Weekend Wodehouse

Last Saturday I read this letter in The Times, after a nudge from its author:

Appropriately it is lying on my 1940 edition of Weekend Wodehouse with an introduction by Hilaire Belloc.

He praises Plum, calling him “the head of my profession” and goes on to dissect, fillet and lay bare the literary devices used by PGW such as his use of parallelism, simplicity, exactitude and construction. Like me you probably just enjoy reading the books. We may come back to Hilaire but something in an Amazon wrapper has just kerr-clunked through the brass letter box (that needs a clean) onto the hall floor.

A Plum Assignment, Discourses on PG Wodehouse and His World, by Curtis Armstrong and Elliott Milstein, no less, and with a Foreword by eminent Wodehousian and Editor of Wooster Sauce, Elin Woodger Murphy. (Spell Check has supernatural properties; it changes Woodger to Wooster.)

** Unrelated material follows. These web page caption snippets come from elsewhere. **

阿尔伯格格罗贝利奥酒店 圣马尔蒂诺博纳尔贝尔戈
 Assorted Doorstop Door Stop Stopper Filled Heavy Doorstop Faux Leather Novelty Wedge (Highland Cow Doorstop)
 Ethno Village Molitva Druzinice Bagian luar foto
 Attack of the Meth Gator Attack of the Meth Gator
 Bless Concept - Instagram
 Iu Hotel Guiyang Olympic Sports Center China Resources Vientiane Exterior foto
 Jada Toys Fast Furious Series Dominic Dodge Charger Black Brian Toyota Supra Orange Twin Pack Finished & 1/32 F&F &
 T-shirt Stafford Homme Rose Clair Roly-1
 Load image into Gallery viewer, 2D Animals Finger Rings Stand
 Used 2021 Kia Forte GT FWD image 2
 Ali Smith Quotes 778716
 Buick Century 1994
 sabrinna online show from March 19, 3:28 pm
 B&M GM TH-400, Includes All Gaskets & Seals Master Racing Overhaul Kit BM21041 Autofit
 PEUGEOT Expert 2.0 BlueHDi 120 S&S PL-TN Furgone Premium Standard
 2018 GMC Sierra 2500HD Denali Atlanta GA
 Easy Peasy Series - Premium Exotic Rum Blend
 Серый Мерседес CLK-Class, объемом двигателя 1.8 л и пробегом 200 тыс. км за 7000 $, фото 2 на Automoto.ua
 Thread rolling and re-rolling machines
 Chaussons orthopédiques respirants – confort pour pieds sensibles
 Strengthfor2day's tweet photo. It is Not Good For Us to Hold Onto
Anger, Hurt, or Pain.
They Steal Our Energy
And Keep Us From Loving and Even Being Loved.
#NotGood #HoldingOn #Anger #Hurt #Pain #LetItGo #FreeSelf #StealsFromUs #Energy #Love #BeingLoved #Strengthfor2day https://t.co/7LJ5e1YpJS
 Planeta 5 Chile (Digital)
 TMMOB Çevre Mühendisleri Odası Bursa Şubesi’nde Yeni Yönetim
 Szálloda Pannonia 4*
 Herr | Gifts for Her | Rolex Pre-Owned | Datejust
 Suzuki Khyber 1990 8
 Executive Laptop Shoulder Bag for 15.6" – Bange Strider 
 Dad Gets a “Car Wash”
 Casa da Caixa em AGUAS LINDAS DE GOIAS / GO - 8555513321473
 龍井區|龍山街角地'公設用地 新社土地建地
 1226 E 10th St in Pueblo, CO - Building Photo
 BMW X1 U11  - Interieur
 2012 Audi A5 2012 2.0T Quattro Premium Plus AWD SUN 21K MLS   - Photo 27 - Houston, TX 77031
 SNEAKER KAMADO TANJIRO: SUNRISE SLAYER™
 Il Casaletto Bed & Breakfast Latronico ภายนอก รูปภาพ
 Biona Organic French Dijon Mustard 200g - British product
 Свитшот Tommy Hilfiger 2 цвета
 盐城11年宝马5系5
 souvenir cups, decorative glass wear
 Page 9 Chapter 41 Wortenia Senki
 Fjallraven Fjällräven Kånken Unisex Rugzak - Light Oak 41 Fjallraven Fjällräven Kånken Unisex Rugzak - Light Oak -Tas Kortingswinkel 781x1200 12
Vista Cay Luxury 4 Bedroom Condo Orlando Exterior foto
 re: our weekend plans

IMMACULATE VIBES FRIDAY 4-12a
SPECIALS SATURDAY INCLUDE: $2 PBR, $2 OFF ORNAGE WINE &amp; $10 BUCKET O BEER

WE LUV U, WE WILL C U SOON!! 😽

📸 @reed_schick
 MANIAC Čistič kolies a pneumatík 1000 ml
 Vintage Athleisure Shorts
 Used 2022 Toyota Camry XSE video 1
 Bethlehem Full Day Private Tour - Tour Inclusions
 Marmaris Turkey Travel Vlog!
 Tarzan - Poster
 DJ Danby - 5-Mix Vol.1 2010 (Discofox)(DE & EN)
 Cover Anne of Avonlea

Armstrong and Milstein do not compete with Black and Scholes who  puzzled out how options are priced only to discover, much later, that they were wrong. They knew instinctively to avoid putting food in tins; Crosse and Blackwell had beaten them to it by about 250 years. They may admire Simon and Garfunkel but they stuck to a loftier ideal – a lifelong friendship formed by a mutual enjoyment of reading PG Wodehouse. The pleasure they take in Plum’s writing is conveyed so artfully in these discourses that it seems artless. They do not beat the reader around the head with literary analysis, a la Hilaire. They are a class act and I hope to be able to tell them so at The PG Wodehouse Society dinner in London in October.

Meanwhile, back in the dark days of 1940, Hilaire asks “will Mr Wodehouse’s work endure”? He answers his own question:

If in, say, 50 years Jeeves and any other of that great company – but in particular Jeeves – shall have faded, then what we have so long called England will no longer be.

Hilaire can rest easy; 78 years later it is hard to imagine Wodehouse’s spell over his readers being broken, his popularity waning or his work not cropping up on the Letters page of The Times. Today’s music is dedicated to the immortal Empress of Blandings.